Opinion

Your opinion: Letters

LETTER OF THE WEEK

PROGRESS BLOCKED

I am in total agreement with comments about Early Years Professional status (Online, 21 February). I graduated from the University of Teesside in November with a 2:1 BA (Hons) Early Childhood Studies and hoped to undertake EYPS this year. However, I am not eligible as I work as a teaching assistant (level 3) in the foundation unit of an LEA primary school. I have been informed that EYPS is only applicable to the PVI sector.

I was full of optimism as to my future, but there is no progression or opportunity to take on more responsibility in the school where I work. This would also deny me the opportunity to undertake EYPS if I was in an appropriate setting.

I also find my experience is not appropriate to work in a children's centre, and I am unable to obtain work experience because the children's centre staff I have spoken to are just too busy to organise this with me.

So, I have higher level qualifications and early years experience but am unable to move on. Like other readers I think that, even without EYPS, the Government wants a graduate level workforce in early years, but we are cheap, highly qualified staff, unable to progress in the way that teachers are.

I, too, wonder why I studied hard for three years. I love my job and I'd be happy to stay if I could progress, but with my newly gained knowledge and skills it is my employer who is the winner.

Margaret Wright, by e-mail

Letter of the Week wins £30 worth of children's books

THE REAL STRATEGY

'Hear, hear!' to Ian Blunkett-Evans' 'Letter of the week' (28 February). We have also been vocal to our local authority on the state of the nursery system, the pressures on practitioners to focus on the education value for even very young children, the increasing demands from parents because the media has told them what they can have, and the continual running costs of a private business hampered by the NEG finding.
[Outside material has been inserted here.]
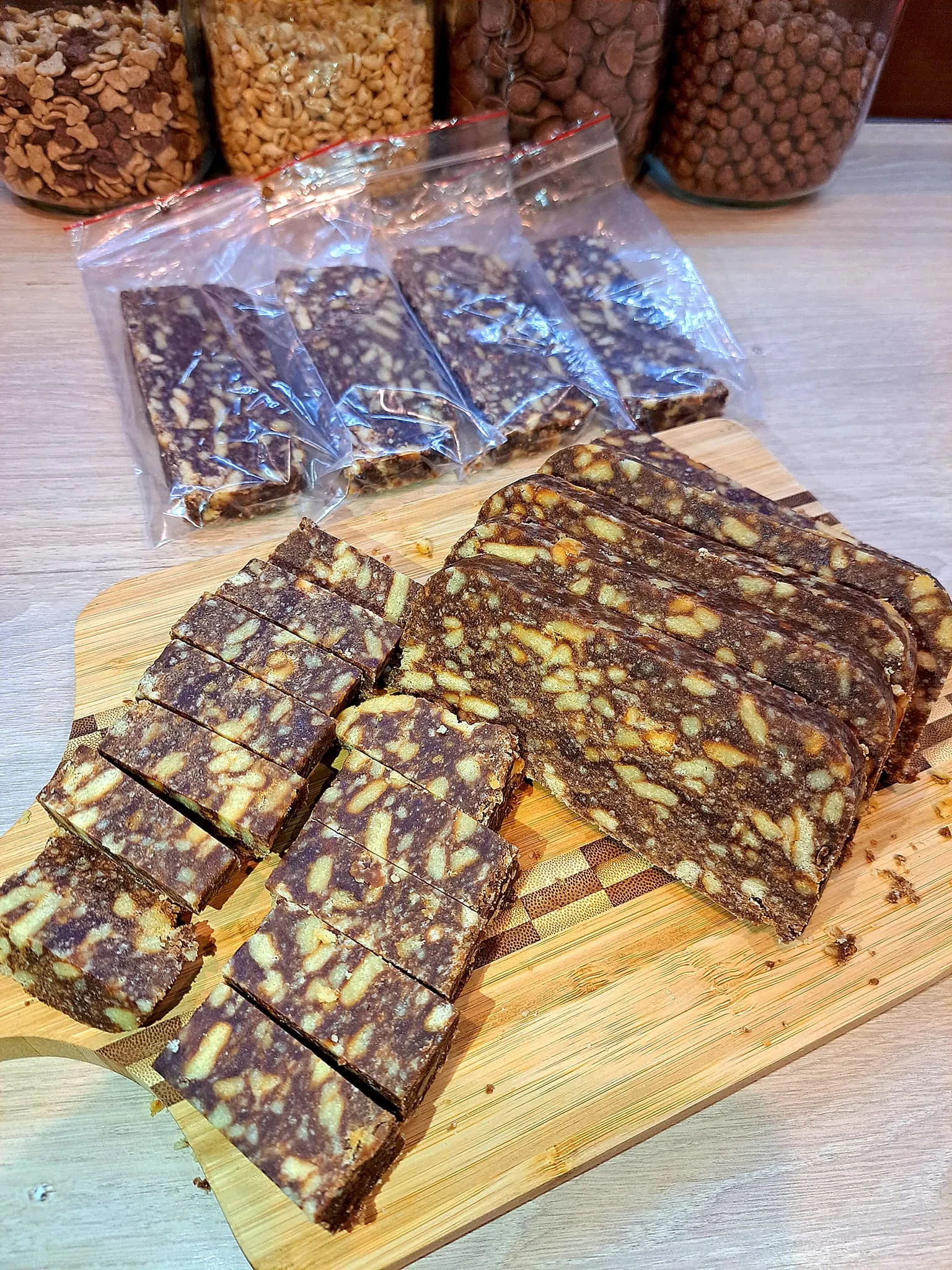 Karamelinis tinginys su bananais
We also strongly criticised the Code of Practice and how the destructive influences of Government have slowly eroded our once successful industry.

There are so many ways that the childcare sector could have been made 'strong', but the Government at the beginning of its ten-year strategy had one plan only - nationalisation. It was always clear to me what they were doing; maybe it has only been the private providers who could see the grim reaper.

Tina Blick, owner, Honey Pot Nurseries, Isfield, East Sussex

ONLY ANTI-AUDIT

Your headline reporting on the sell-out OpenEYE London conference said 'anti-EYFS campaign' (News, 21 February).

Open EYE is not anti-EYFS. It only challenges the Learning and Development goals and the assessment regime which audits them.

OpenEYE seeks to change their status from what has been made compulsory for all children and all providers, to the status of professional guidelines only. Compulsory goals and assessments are already proving counter-productive to the motivation of children and teachers in primary schools. Why bring the damage down to even younger, more vulnerable children? Other countries in Europe don't begin formal schooling until six or seven years old and their children have overtaken ours in literacy and numeracy by the time they are ten.

If this audit culture is now forced down into pre-school settings, it will only focus carers on keeping the statistics up and focus children on how they are failing. Watch for the announcement of compulsory pre-school league tables. Some carers have already reported being given 2008-09 targets for children they have not yet seen! I wonder why the term pre-school has been quietly dropped?

'By three years, most children should ...' contradicts the EYFS guidance manual (there are about a dozen 'shoulds' in a few pages of the official guidance for practitioners). Then there are suggestions that two-year-olds should be instructed on how to use a TV remote, a photocopy machine and practice clicking icons on a computer screen.

For obesity, lethargy, boredom, disaffection, poor social skills, low creativity and starved emotional intelligence, click here.

Graham Kennish, parent, teacher and lecturer, by e-mail.